The graduated steel tape (wetted-tape method), the electrical
measuring line, and the air line are the most common tools for
manually measuring water level in nonflowing wells.
Graduated Steel Tape
The graduated steel tape method is considered to be the most
accurate for measuring the water level in nonflowing wells.
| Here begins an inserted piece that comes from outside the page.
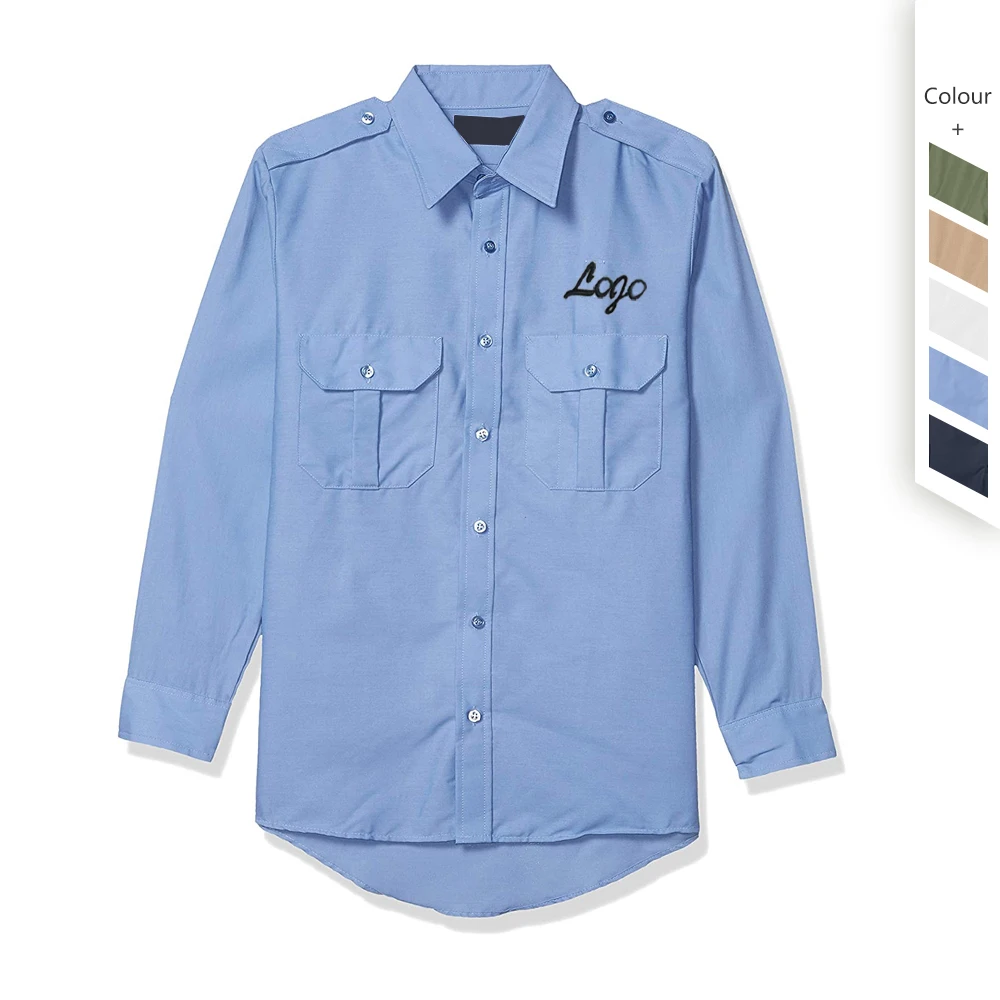 Custom Fabric Logo Wholesale Airline Bus Pilot Security Shirts Work Uniforms Mens Long Sleeve Shirts With Epaulettes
Steel surveying tapes in lengths of 100, 200, 300, 500 and
1,000 feet are commonly used. The tapes, up to 500-foot
lengths, are mounted on hand-cranked reels; the 1,000-foot
tapes usually required a motor-driven tape drive. A slender
weight, usually made of lead, is attached to the ring at the end
of the tape to insure plumbness and to permit some feel for
obstructions. The choice of a suitable weight, i.e., lead, stainless
steel, etc. is dictated by the water-quality parameters of interest
in a specific study. Lead weights are used so that if the weight
should fall off the tape in a well that has a pump, the soft lead
would be less likely to damage the pump. The weight is
attached in such a way that if it becomes lodged in the well, the
tape can still be pulled free.
The lower few feet of the graduated tape is chalked by pulling
a piece of blue carpenter's chalk across the tape. When the
chalk becomes wet, a line of color change between the dry and
wet chalk denotes the length of tape immersed in water. The
tape footage is read at the measuring point, and at the water
mark on the tape. The difference between these two readings
is the depth to water below the measuring point.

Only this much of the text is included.